Some self-publishers do get suckered by vanity presses, but this is subsidy publishing (where you pay someone to be your publisher instead of the other way around), not self-publishing. True self-publishers own their rights, digital files, imprints, and ISBN numbers. Though good books can come from subsidy publishers, true self-publishers are quick to distance themselves from them. Contest holders and book reviewers should learn about the 21st-century publishing business and understand why.
Those People
The notion that self-publishers live “over there” in some alternate publishing universe is the literary equivalent of racial prejudice. As a self-publishing consultant, I do understand that the majority of self-published books are self-edited, self-designed, and sub-standard, but this is like using the statistic that 40% of American inmates are black as “evidence” of a racial flaw—a moral outrage.

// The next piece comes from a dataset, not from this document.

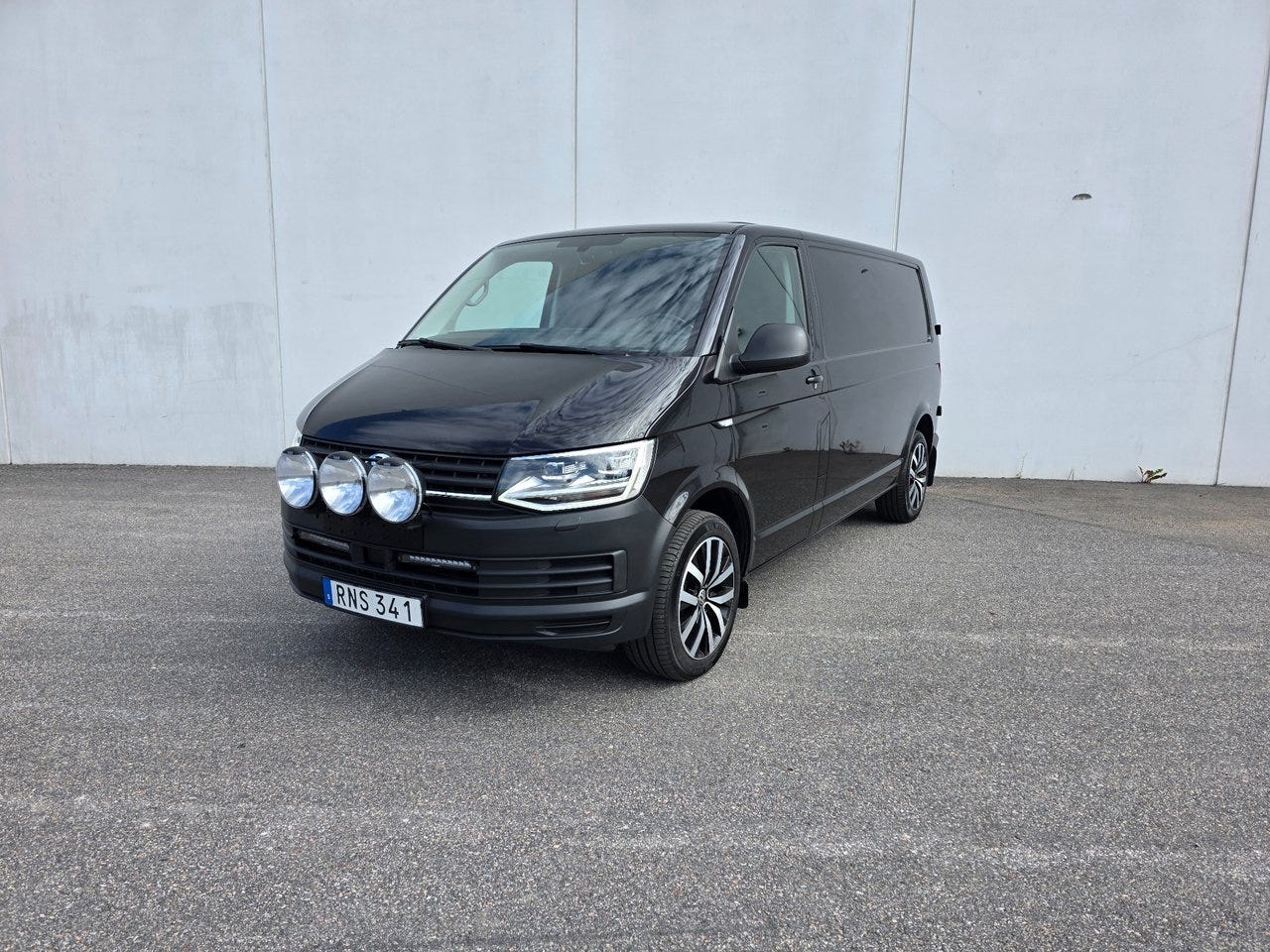 Volkswagen Transporter 2018 – bild 1 av 13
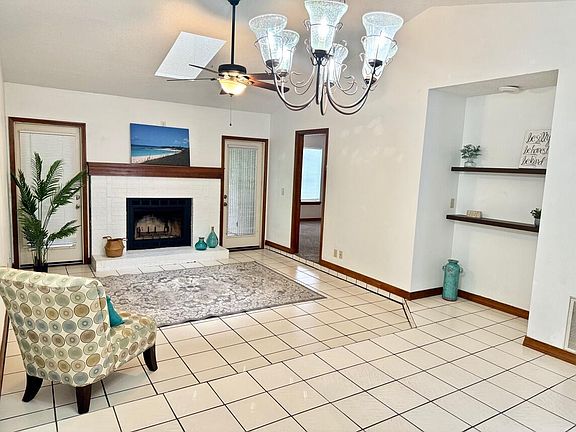 4th image of 72 Hidden Cove Ln #72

African Americans are not 40% likely to be criminals, and yet, this same twisted logic is applied to book acceptance. It’s reverse logic and a recipe for “throwing the baby out with the bathwater.”
The Pot Said to the Kettle…
Moreover, the review selection process overlooks the fact that big publishers routinely offer their own trash ghost-written for celebrities or spun off from the latest hit movie. These books show their pedigrees and never have to show up in court. Ultimately, the same thing can be said of all publishers: some of their books are great and some of their books are junk. After all, junk has a reason to exist—it sells.

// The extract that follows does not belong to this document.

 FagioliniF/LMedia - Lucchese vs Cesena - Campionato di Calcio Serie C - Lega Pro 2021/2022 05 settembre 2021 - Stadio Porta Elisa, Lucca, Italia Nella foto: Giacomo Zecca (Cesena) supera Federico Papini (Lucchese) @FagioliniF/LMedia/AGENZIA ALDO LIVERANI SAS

We’re Not in Kansas Anymore
With the merger of Random House and Penguin, only five giant companies qualify as legitimate “traditional” publishers. Review sources that serve only corporate media in a day and age when tweeting, blogging, web-publishing, and the man on the street deliver important, valuable, insightful information that’s not beholden to advertisers or stockholders is truly putting one’s head in the sand. When something newsworthy happens, today’s “good reporter” is the first to find out who had their cell phone video camera pointed at the crash. Self-publishers—even some of those who self-design and self-edit—are potentially important contributors to the global dialogue. The objective reviewer must curate quality material from every corner of the publishing universe.

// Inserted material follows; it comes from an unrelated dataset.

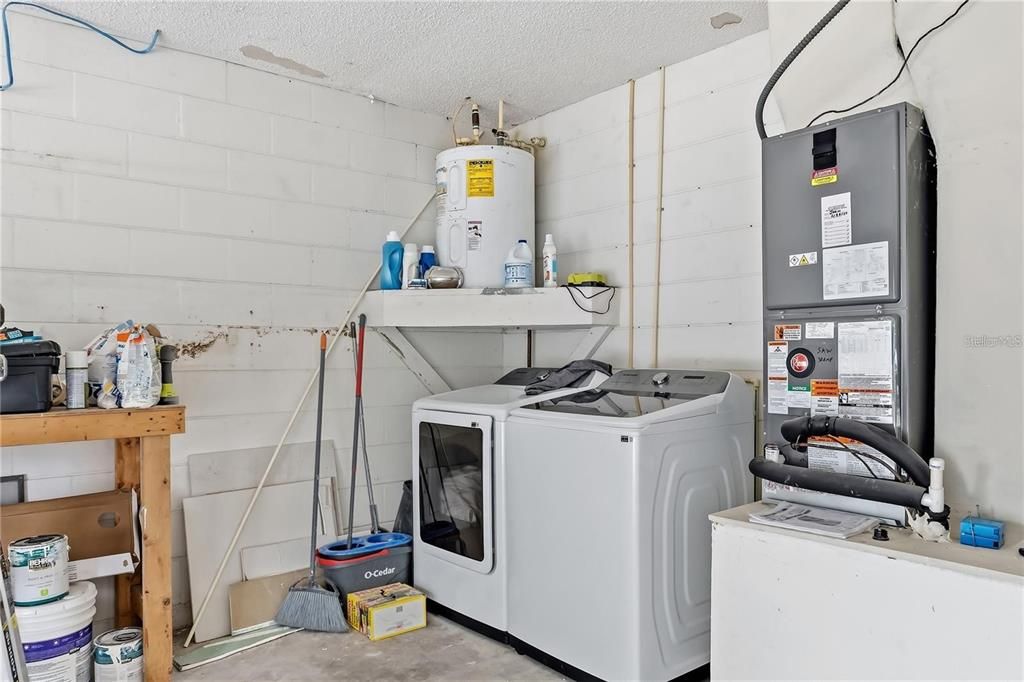 For Sale: $362,000 (3 beds, 2 baths, 1462 Square Feet)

The book establishment marvels at the meteoric rise of Amazon.com. Though Amazon’s success is due to many factors, a prominent one is that it makes no distinction between my books and Penguin’s. Reviews are published by readers. Customers are often more content to sort through a collection of amateur reviews than to hunt down a single review by a traditional source. And though they’re not “professional” reviews, many Amazon posts are articulate, insightful, useful, and well-conceived. Readers don’t always want to read some MFA book intellectual’s arcane analysis of the prose. They want to know what other readers think. Review sources that only evaluate trade books have become niche publications—and readers have figured this out in droves.
Books: Art or Business?
The argument is often made that trade-published books have passed through a selection process where a professional acquisitions editor judges a book to be “good,” while self-publishers vouch for their own credibility. But big publishers are concerned with what sells; they turn down wonderful books every day that are too esoteric or too abstract or too (insert adjective) for their customers. Why should these books become ineligible for review? Because neither the review nor the book serve the needs of industry? One of the great things about self-publishing is that it empowers writers to share their work with niche audiences that large publishers can neither access nor profit from. Rejection by the publishing business is not equivalent to having your book judged “inferior.” Any experienced publishing agent will tell you about amazing manuscripts they just can’t sell to publishers.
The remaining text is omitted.